● Brief
An identical copy of all the records is what the answer must contain.

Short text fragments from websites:

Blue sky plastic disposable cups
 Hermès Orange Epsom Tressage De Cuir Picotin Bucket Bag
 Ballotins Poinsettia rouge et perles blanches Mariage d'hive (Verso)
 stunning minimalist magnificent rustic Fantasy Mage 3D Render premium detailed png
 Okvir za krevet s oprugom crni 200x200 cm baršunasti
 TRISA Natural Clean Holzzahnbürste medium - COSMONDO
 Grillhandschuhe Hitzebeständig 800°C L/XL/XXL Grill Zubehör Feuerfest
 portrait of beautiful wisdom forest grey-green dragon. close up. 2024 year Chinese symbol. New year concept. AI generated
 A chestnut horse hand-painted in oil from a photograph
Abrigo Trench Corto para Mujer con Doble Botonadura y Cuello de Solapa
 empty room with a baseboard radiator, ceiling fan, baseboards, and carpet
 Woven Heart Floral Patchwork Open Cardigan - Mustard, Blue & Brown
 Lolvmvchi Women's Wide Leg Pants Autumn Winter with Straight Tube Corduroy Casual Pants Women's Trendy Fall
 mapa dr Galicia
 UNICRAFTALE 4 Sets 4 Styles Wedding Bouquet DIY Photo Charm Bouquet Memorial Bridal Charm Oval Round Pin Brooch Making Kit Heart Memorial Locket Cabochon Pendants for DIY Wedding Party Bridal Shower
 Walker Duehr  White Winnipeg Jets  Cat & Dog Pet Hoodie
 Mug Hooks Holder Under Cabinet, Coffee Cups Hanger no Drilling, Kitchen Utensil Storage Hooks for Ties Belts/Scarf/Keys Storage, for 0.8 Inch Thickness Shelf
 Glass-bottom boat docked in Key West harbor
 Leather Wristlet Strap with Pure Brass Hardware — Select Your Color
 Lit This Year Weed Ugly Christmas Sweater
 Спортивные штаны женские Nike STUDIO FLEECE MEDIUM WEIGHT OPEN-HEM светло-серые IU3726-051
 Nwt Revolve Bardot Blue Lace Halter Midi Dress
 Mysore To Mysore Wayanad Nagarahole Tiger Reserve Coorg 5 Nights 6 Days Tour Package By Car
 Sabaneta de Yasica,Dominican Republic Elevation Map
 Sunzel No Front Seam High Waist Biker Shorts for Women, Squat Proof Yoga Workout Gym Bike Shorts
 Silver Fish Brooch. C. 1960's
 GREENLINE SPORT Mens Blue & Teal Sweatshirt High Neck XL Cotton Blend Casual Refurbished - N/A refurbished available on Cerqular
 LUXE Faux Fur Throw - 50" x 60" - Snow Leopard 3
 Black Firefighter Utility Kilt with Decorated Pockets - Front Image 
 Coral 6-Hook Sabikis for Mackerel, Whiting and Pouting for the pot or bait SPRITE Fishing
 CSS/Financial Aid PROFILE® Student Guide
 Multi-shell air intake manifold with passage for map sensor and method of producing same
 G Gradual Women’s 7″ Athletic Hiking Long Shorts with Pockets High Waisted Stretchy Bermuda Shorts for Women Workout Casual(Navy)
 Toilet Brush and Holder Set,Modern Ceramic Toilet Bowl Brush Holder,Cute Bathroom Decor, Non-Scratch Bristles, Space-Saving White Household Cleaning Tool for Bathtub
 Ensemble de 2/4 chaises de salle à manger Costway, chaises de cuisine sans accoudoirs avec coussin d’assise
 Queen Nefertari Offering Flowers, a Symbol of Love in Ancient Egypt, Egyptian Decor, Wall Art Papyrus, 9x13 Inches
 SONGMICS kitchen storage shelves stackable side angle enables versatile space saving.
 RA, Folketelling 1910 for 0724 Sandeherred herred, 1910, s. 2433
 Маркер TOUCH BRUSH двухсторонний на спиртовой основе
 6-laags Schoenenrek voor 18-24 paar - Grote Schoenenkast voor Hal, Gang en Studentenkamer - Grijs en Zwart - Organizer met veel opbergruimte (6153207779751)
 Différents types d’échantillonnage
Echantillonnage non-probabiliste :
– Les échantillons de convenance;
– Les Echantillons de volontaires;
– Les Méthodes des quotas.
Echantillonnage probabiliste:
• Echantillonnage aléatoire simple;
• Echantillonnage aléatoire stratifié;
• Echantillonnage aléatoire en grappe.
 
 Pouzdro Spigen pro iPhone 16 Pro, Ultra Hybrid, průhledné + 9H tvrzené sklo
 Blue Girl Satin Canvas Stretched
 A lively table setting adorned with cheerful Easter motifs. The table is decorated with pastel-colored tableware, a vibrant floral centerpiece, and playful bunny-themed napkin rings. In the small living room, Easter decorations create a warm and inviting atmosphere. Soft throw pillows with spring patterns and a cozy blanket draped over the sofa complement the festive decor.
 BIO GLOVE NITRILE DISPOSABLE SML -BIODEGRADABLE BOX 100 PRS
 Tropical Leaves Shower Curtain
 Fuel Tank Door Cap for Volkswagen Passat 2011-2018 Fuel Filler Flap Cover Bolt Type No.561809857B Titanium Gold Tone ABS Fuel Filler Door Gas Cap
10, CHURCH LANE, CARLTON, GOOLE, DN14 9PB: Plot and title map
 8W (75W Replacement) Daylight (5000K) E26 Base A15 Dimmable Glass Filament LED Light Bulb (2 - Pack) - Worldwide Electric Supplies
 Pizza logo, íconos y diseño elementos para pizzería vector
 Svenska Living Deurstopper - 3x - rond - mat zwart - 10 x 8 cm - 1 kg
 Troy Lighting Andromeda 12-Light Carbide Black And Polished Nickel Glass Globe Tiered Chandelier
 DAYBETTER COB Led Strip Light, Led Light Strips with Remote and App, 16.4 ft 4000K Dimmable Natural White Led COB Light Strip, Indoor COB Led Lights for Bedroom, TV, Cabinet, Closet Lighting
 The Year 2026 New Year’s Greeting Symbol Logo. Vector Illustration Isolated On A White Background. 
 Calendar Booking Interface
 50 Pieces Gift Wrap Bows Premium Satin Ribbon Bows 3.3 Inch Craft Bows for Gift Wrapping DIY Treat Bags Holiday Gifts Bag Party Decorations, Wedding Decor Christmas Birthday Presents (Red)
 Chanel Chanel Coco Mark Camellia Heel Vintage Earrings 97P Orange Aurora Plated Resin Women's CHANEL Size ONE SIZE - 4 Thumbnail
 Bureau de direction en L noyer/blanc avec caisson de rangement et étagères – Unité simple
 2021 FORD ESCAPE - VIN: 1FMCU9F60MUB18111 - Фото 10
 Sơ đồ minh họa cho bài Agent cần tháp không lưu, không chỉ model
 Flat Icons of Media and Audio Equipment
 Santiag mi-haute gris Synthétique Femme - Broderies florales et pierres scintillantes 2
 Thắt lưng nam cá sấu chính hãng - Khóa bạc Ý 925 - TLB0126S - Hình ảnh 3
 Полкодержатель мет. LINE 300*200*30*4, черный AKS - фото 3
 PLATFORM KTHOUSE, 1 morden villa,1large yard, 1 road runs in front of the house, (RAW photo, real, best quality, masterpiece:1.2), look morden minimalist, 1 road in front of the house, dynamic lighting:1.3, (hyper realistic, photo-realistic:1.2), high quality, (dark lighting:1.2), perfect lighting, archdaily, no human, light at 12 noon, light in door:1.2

● Solution to this task
Blue sky plastic disposable cups
 Hermès Orange Epsom Tressage De Cuir Picotin Bucket Bag
 Ballotins Poinsettia rouge et perles blanches Mariage d'hive (Verso)
 stunning minimalist magnificent rustic Fantasy Mage 3D Render premium detailed png
 Okvir za krevet s oprugom crni 200x200 cm baršunasti
 TRISA Natural Clean Holzzahnbürste medium - COSMONDO
 Grillhandschuhe Hitzebeständig 800°C L/XL/XXL Grill Zubehör Feuerfest
 portrait of beautiful wisdom forest grey-green dragon. close up. 2024 year Chinese symbol. New year concept. AI generated
 A chestnut horse hand-painted in oil from a photograph
Abrigo Trench Corto para Mujer con Doble Botonadura y Cuello de Solapa
 empty room with a baseboard radiator, ceiling fan, baseboards, and carpet
 Woven Heart Floral Patchwork Open Cardigan - Mustard, Blue & Brown
 Lolvmvchi Women's Wide Leg Pants Autumn Winter with Straight Tube Corduroy Casual Pants Women's Trendy Fall
 mapa dr Galicia
 UNICRAFTALE 4 Sets 4 Styles Wedding Bouquet DIY Photo Charm Bouquet Memorial Bridal Charm Oval Round Pin Brooch Making Kit Heart Memorial Locket Cabochon Pendants for DIY Wedding Party Bridal Shower
 Walker Duehr  White Winnipeg Jets  Cat & Dog Pet Hoodie
 Mug Hooks Holder Under Cabinet, Coffee Cups Hanger no Drilling, Kitchen Utensil Storage Hooks for Ties Belts/Scarf/Keys Storage, for 0.8 Inch Thickness Shelf
 Glass-bottom boat docked in Key West harbor
 Leather Wristlet Strap with Pure Brass Hardware — Select Your Color
 Lit This Year Weed Ugly Christmas Sweater
 Спортивные штаны женские Nike STUDIO FLEECE MEDIUM WEIGHT OPEN-HEM светло-серые IU3726-051
 Nwt Revolve Bardot Blue Lace Halter Midi Dress
 Mysore To Mysore Wayanad Nagarahole Tiger Reserve Coorg 5 Nights 6 Days Tour Package By Car
 Sabaneta de Yasica,Dominican Republic Elevation Map
 Sunzel No Front Seam High Waist Biker Shorts for Women, Squat Proof Yoga Workout Gym Bike Shorts
 Silver Fish Brooch. C. 1960's
 GREENLINE SPORT Mens Blue & Teal Sweatshirt High Neck XL Cotton Blend Casual Refurbished - N/A refurbished available on Cerqular
 LUXE Faux Fur Throw - 50" x 60" - Snow Leopard 3
 Black Firefighter Utility Kilt with Decorated Pockets - Front Image 
 Coral 6-Hook Sabikis for Mackerel, Whiting and Pouting for the pot or bait SPRITE Fishing
 CSS/Financial Aid PROFILE® Student Guide
 Multi-shell air intake manifold with passage for map sensor and method of producing same
 G Gradual Women’s 7″ Athletic Hiking Long Shorts with Pockets High Waisted Stretchy Bermuda Shorts for Women Workout Casual(Navy)
 Toilet Brush and Holder Set,Modern Ceramic Toilet Bowl Brush Holder,Cute Bathroom Decor, Non-Scratch Bristles, Space-Saving White Household Cleaning Tool for Bathtub
 Ensemble de 2/4 chaises de salle à manger Costway, chaises de cuisine sans accoudoirs avec coussin d’assise
 Queen Nefertari Offering Flowers, a Symbol of Love in Ancient Egypt, Egyptian Decor, Wall Art Papyrus, 9x13 Inches
 SONGMICS kitchen storage shelves stackable side angle enables versatile space saving.
 RA, Folketelling 1910 for 0724 Sandeherred herred, 1910, s. 2433
 Маркер TOUCH BRUSH двухсторонний на спиртовой основе
 6-laags Schoenenrek voor 18-24 paar - Grote Schoenenkast voor Hal, Gang en Studentenkamer - Grijs en Zwart - Organizer met veel opbergruimte (6153207779751)
 Différents types d’échantillonnage
Echantillonnage non-probabiliste :
– Les échantillons de convenance;
– Les Echantillons de volontaires;
– Les Méthodes des quotas.
Echantillonnage probabiliste:
• Echantillonnage aléatoire simple;
• Echantillonnage aléatoire stratifié;
• Echantillonnage aléatoire en grappe.
 
 Pouzdro Spigen pro iPhone 16 Pro, Ultra Hybrid, průhledné + 9H tvrzené sklo
 Blue Girl Satin Canvas Stretched
 A lively table setting adorned with cheerful Easter motifs. The table is decorated with pastel-colored tableware, a vibrant floral centerpiece, and playful bunny-themed napkin rings. In the small living room, Easter decorations create a warm and inviting atmosphere. Soft throw pillows with spring patterns and a cozy blanket draped over the sofa complement the festive decor.
 BIO GLOVE NITRILE DISPOSABLE SML -BIODEGRADABLE BOX 100 PRS
 Tropical Leaves Shower Curtain
 Fuel Tank Door Cap for Volkswagen Passat 2011-2018 Fuel Filler Flap Cover Bolt Type No.561809857B Titanium Gold Tone ABS Fuel Filler Door Gas Cap
10, CHURCH LANE, CARLTON, GOOLE, DN14 9PB: Plot and title map
 8W (75W Replacement) Daylight (5000K) E26 Base A15 Dimmable Glass Filament LED Light Bulb (2 - Pack) - Worldwide Electric Supplies
 Pizza logo, íconos y diseño elementos para pizzería vector
 Svenska Living Deurstopper - 3x - rond - mat zwart - 10 x 8 cm - 1 kg
 Troy Lighting Andromeda 12-Light Carbide Black And Polished Nickel Glass Globe Tiered Chandelier
 DAYBETTER COB Led Strip Light, Led Light Strips with Remote and App, 16.4 ft 4000K Dimmable Natural White Led COB Light Strip, Indoor COB Led Lights for Bedroom, TV, Cabinet, Closet Lighting
 The Year 2026 New Year’s Greeting Symbol Logo. Vector Illustration Isolated On A White Background. 
 Calendar Booking Interface
 50 Pieces Gift Wrap Bows Premium Satin Ribbon Bows 3.3 Inch Craft Bows for Gift Wrapping DIY Treat Bags Holiday Gifts Bag Party Decorations, Wedding Decor Christmas Birthday Presents (Red)
 Chanel Chanel Coco Mark Camellia Heel Vintage Earrings 97P Orange Aurora Plated Resin Women's CHANEL Size ONE SIZE - 4 Thumbnail
 Bureau de direction en L noyer/blanc avec caisson de rangement et étagères – Unité simple
 2021 FORD ESCAPE - VIN: 1FMCU9F60MUB18111 - Фото 10
 Sơ đồ minh họa cho bài Agent cần tháp không lưu, không chỉ model
 Flat Icons of Media and Audio Equipment
 Santiag mi-haute gris Synthétique Femme - Broderies florales et pierres scintillantes 2
 Thắt lưng nam cá sấu chính hãng - Khóa bạc Ý 925 - TLB0126S - Hình ảnh 3
 Полкодержатель мет. LINE 300*200*30*4, черный AKS - фото 3
 PLATFORM KTHOUSE, 1 morden villa,1large yard, 1 road runs in front of the house, (RAW photo, real, best quality, masterpiece:1.2), look morden minimalist, 1 road in front of the house, dynamic lighting:1.3, (hyper realistic, photo-realistic:1.2), high quality, (dark lighting:1.2), perfect lighting, archdaily, no human, light at 12 noon, light in door:1.2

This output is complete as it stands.